(Source data)
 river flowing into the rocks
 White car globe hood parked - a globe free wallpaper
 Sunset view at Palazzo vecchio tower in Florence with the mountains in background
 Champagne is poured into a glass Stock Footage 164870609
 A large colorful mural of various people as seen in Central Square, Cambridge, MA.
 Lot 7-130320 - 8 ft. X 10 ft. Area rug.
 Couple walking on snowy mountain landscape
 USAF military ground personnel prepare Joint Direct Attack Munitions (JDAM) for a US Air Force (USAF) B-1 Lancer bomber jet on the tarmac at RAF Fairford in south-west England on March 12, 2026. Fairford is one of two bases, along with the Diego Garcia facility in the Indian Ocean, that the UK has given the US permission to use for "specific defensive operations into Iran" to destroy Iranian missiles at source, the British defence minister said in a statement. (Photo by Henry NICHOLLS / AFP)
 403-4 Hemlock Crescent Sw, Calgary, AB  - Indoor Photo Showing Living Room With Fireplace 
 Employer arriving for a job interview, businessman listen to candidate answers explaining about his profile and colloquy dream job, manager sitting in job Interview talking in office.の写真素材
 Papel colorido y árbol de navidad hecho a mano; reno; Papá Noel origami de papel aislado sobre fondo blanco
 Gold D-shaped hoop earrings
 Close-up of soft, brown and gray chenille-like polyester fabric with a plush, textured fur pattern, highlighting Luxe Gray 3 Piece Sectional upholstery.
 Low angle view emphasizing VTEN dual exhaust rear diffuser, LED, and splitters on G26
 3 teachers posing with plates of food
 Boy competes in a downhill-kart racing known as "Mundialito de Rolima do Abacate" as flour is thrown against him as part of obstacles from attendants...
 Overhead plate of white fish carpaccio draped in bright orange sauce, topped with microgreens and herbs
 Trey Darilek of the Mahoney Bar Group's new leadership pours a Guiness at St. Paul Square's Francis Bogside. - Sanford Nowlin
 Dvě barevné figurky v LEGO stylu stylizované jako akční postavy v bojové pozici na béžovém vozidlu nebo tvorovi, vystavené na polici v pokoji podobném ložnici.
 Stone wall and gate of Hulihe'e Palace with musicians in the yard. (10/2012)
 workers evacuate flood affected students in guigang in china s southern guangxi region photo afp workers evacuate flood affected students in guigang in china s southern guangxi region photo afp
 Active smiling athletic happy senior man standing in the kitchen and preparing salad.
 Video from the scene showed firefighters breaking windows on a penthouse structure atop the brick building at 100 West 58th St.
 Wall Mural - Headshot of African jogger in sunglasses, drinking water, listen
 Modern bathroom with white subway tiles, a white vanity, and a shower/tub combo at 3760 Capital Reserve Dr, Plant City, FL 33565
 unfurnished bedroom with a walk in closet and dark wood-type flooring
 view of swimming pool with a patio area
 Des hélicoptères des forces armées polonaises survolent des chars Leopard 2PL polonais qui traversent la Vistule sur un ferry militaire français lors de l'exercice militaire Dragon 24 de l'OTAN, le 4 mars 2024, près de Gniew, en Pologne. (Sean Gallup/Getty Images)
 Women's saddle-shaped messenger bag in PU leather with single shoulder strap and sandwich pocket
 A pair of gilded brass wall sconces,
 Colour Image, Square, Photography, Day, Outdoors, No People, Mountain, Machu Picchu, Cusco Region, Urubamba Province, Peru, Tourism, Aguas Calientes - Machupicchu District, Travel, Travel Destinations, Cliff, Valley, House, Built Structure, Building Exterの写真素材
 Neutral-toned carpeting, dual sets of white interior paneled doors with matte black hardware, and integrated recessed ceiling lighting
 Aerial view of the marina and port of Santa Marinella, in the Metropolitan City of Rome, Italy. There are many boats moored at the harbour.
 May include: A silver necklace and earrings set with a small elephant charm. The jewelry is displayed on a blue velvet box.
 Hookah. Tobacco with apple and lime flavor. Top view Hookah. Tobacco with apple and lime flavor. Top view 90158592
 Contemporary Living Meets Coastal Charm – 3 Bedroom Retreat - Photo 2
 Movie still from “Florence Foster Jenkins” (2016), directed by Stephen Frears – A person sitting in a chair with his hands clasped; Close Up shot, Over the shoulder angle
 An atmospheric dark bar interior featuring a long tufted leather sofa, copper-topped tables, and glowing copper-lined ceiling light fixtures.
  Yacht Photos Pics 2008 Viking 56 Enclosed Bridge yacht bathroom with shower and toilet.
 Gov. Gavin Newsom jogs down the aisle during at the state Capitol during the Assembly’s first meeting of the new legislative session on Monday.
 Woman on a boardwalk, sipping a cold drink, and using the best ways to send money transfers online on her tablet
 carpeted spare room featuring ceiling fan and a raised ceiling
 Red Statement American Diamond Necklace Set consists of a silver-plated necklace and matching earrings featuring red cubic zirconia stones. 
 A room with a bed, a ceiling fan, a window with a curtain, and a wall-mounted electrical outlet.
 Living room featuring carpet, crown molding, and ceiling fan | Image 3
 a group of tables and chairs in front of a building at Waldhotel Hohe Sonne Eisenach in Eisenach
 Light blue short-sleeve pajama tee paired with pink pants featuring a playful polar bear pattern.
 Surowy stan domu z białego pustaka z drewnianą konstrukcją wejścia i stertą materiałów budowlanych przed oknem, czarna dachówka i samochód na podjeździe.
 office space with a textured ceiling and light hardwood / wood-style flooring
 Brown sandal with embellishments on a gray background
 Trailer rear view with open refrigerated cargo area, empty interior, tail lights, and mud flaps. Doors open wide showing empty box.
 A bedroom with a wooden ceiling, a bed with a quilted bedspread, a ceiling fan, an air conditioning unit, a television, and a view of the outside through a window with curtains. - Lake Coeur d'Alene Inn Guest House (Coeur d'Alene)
(End Source data)
▶ **Task goal**
Transcribe each line of the data above, unaltered, from the one where "403-4 Hemlock Crescent" appears to the one where "Wall Mural - Headshot" appears, inclusive of both.

▶ **Response to the task**
 403-4 Hemlock Crescent Sw, Calgary, AB  - Indoor Photo Showing Living Room With Fireplace 
 Employer arriving for a job interview, businessman listen to candidate answers explaining about his profile and colloquy dream job, manager sitting in job Interview talking in office.の写真素材
 Papel colorido y árbol de navidad hecho a mano; reno; Papá Noel origami de papel aislado sobre fondo blanco
 Gold D-shaped hoop earrings
 Close-up of soft, brown and gray chenille-like polyester fabric with a plush, textured fur pattern, highlighting Luxe Gray 3 Piece Sectional upholstery.
 Low angle view emphasizing VTEN dual exhaust rear diffuser, LED, and splitters on G26
 3 teachers posing with plates of food
 Boy competes in a downhill-kart racing known as "Mundialito de Rolima do Abacate" as flour is thrown against him as part of obstacles from attendants...
 Overhead plate of white fish carpaccio draped in bright orange sauce, topped with microgreens and herbs
 Trey Darilek of the Mahoney Bar Group's new leadership pours a Guiness at St. Paul Square's Francis Bogside. - Sanford Nowlin
 Dvě barevné figurky v LEGO stylu stylizované jako akční postavy v bojové pozici na béžovém vozidlu nebo tvorovi, vystavené na polici v pokoji podobném ložnici.
 Stone wall and gate of Hulihe'e Palace with musicians in the yard. (10/2012)
 workers evacuate flood affected students in guigang in china s southern guangxi region photo afp workers evacuate flood affected students in guigang in china s southern guangxi region photo afp
 Active smiling athletic happy senior man standing in the kitchen and preparing salad.
 Video from the scene showed firefighters breaking windows on a penthouse structure atop the brick building at 100 West 58th St.
 Wall Mural - Headshot of African jogger in sunglasses, drinking water, listen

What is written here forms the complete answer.